Panitera Muda Pengadilan Negeri Nunukan, Suheri, Selasa (27/1/2015) mengatakan, dengan dikabulkannya permohonan grasi kedua terpidana tersebut, hukuman pidana penjara seumur hidup yang dijatuhkan diubah menjadi penjara 20 tahun.
"Grasi tersebut membuat kedua terdakwa bahagia sekali,'' ujarnya. Grasi merupakan satu dari lima hak yang dimiliki kepala negara untuk memberikan pengurangan hukuman, pengampunan atau pembebasan hukuman sama sekali.
Sebenarnya, kata dia, Ferdi Pohonaga Kedungura dan Andreas Togo alias Andi anak dari Ande, terpidana dalam kasus yang sama juga mengajukan grasi.
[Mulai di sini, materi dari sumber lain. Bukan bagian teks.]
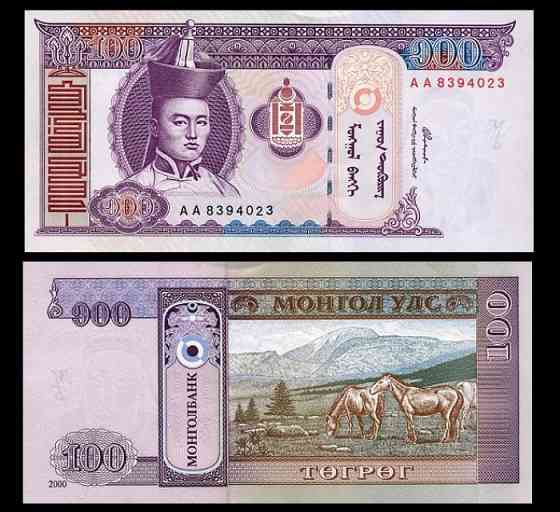 Монголія / Mongolia 100 Togrik 2000 Pick 65a UNC Полтава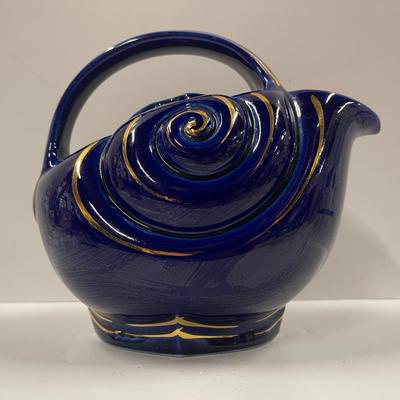 Vintage Hall Cobalt Blue Teapot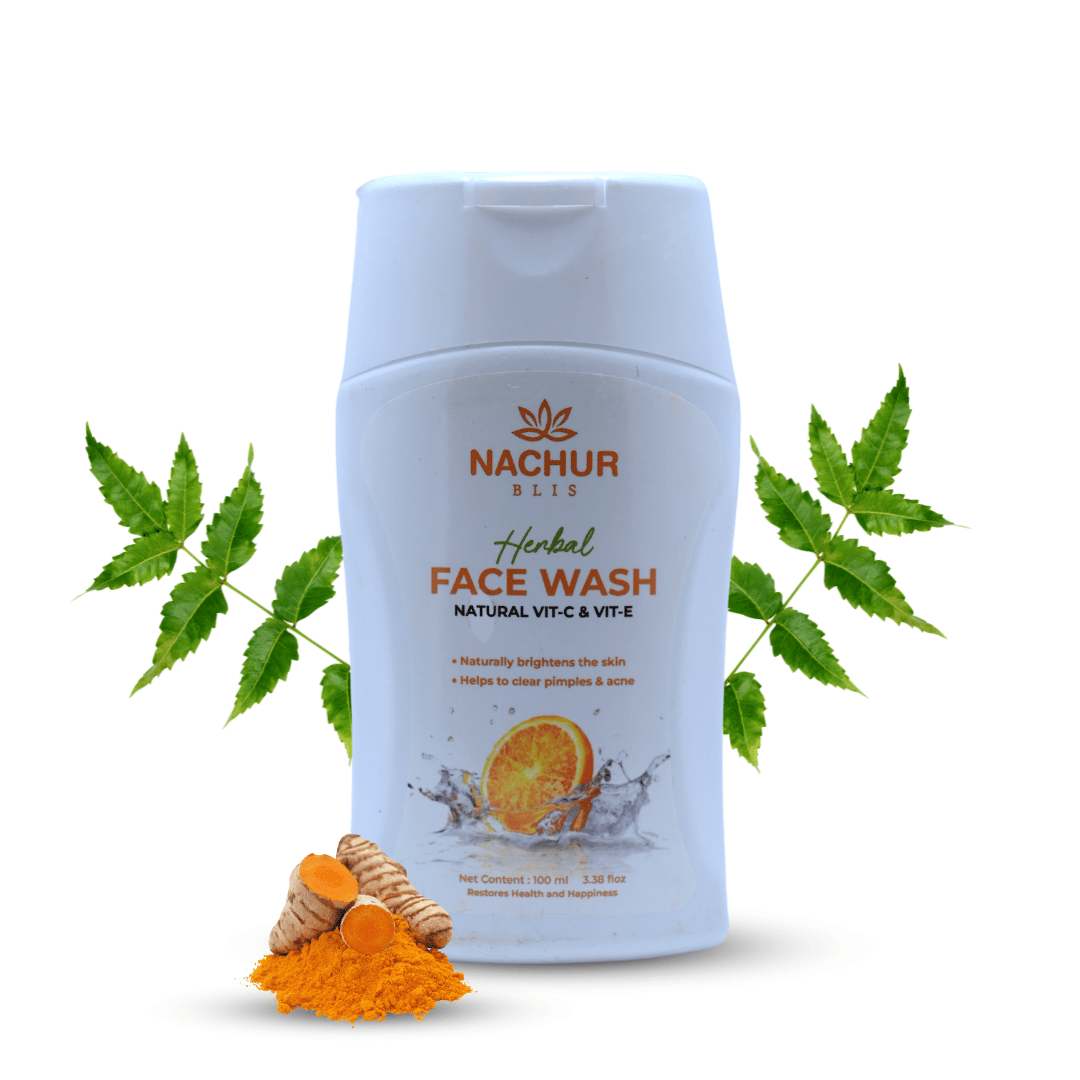 Tarushi Formulations Nachur Herbal Face Wash with Natural Vit-C & Vit-E, 100ml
Namun nasib keduanya hingga kini belum jelas.
“Sementara baru dua orang yang mendapat grasi yaitu Gerson dan Sulaiman,” ujarnya.
Dalam kasus itu, Pengadilan Negeri Nunukan menjatuhkan pidana penjara seumur hidup kepada lima terdakwa termasuk Rahmad bin Mansyur, otak pembunuhan tersebut. Namun Rahmad tidak memanfaatkan kesempatan untuk banding dan kasasi.
Empat pelaku lainnya mengajukan banding dan kasasi namun ditolak. Hingga akhirnya mereka memohon grasi kepada Presiden.
Suheri mengungkapkan, Suleman, kelahiran Dasang, Sumba, NTT pada Agustus 1972 maupun Gerson, kelahiran Untalaka, Sumba Barat, Nusa Tenggara Timur pada 8 Desember 1984, tetap dinyatakan bersalah melakukan tindak pidana pembunuhan berencana.
Hanya saja dengan turunnya grasi presiden tersebut mereka bisa bernafas lega karena hukumannya dikurangi menjadi pidana penjara 20 tahun.
Rahmad bersama Ferdi Pohomaga Kedungura, Andreas Tago alias Andi anak dari Ande, Sulaiman alias Nunuk Elbero anak dari Elbero dan Gerson Rawaukabeko melakukan pembunuhan terhadap Didik karena bermula dari rasa sakit hati Rahmad.